__WORK TO BE COMPLETED__. Repeat exactly the stretch of lines that starts with the one containing "Close-up of Qed" and ends with the last line of the material. Leave out pictures.

__GIVEN DATA__.
──────

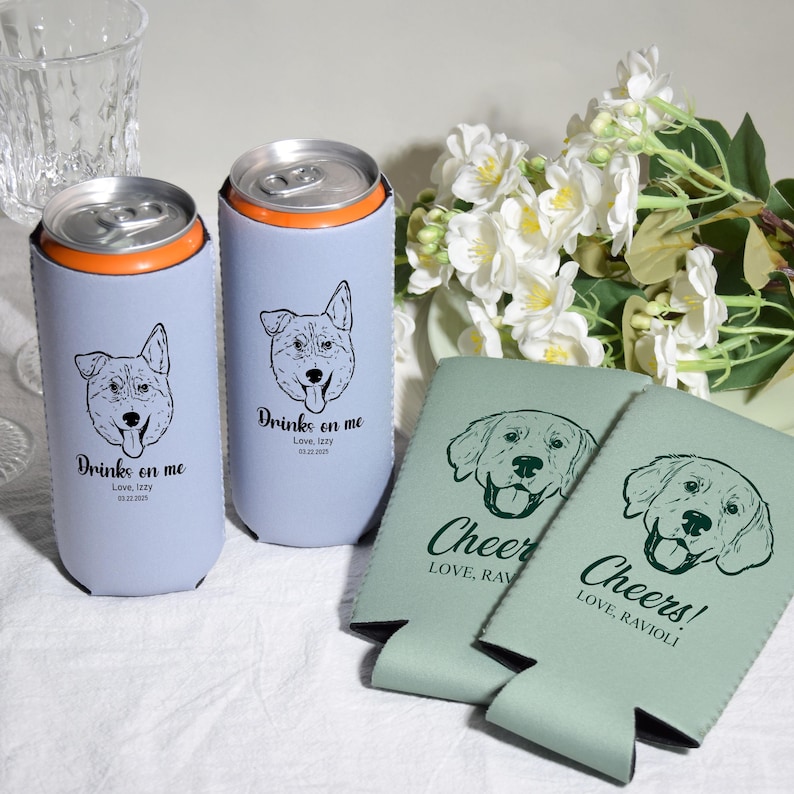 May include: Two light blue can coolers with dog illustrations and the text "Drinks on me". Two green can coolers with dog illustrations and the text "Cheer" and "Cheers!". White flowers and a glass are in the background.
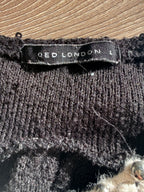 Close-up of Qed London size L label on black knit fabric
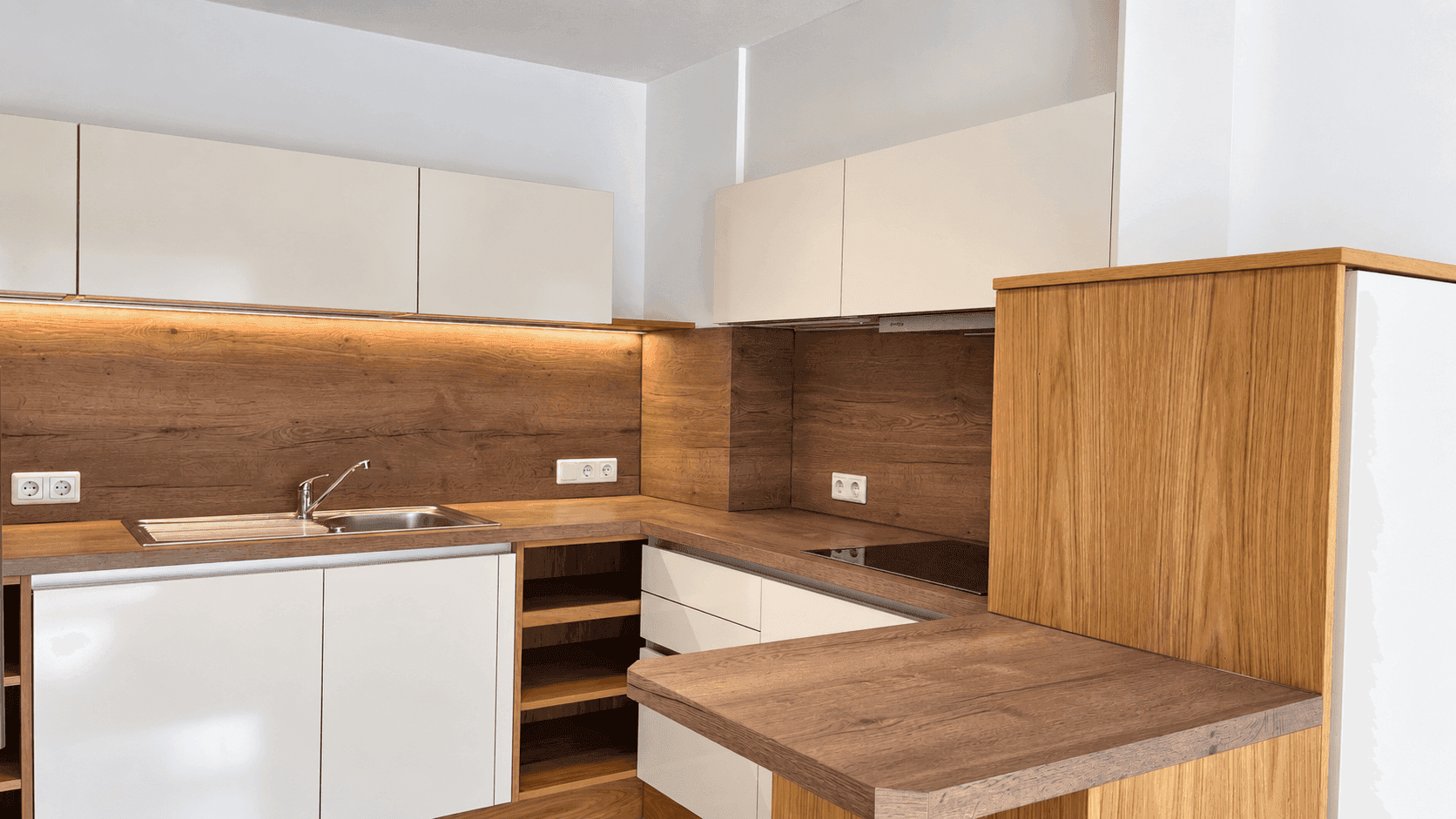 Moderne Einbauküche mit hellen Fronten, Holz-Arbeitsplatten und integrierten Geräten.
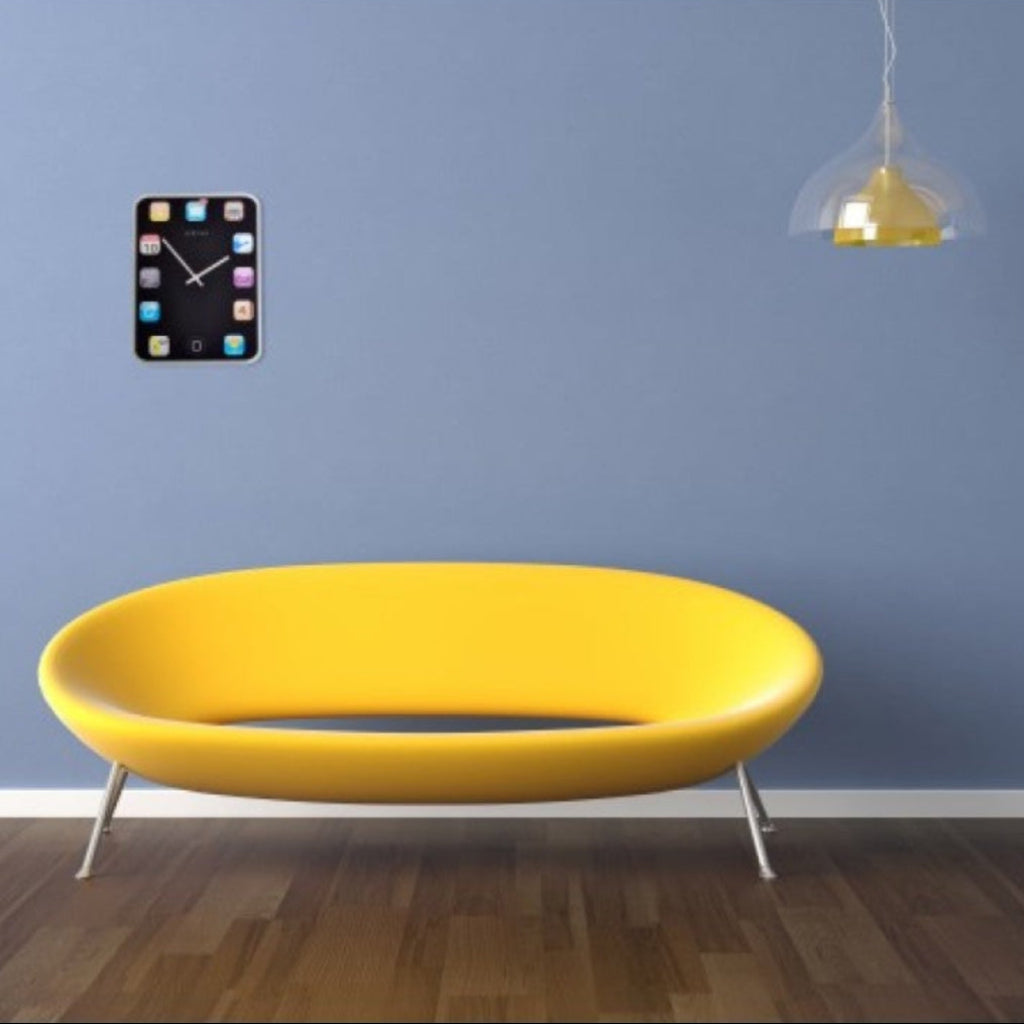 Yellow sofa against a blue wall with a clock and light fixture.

──────

__EXERCISE RESULT__.
 Close-up of Qed London size L label on black knit fabric
 Moderne Einbauküche mit hellen Fronten, Holz-Arbeitsplatten und integrierten Geräten.
 Yellow sofa against a blue wall with a clock and light fixture.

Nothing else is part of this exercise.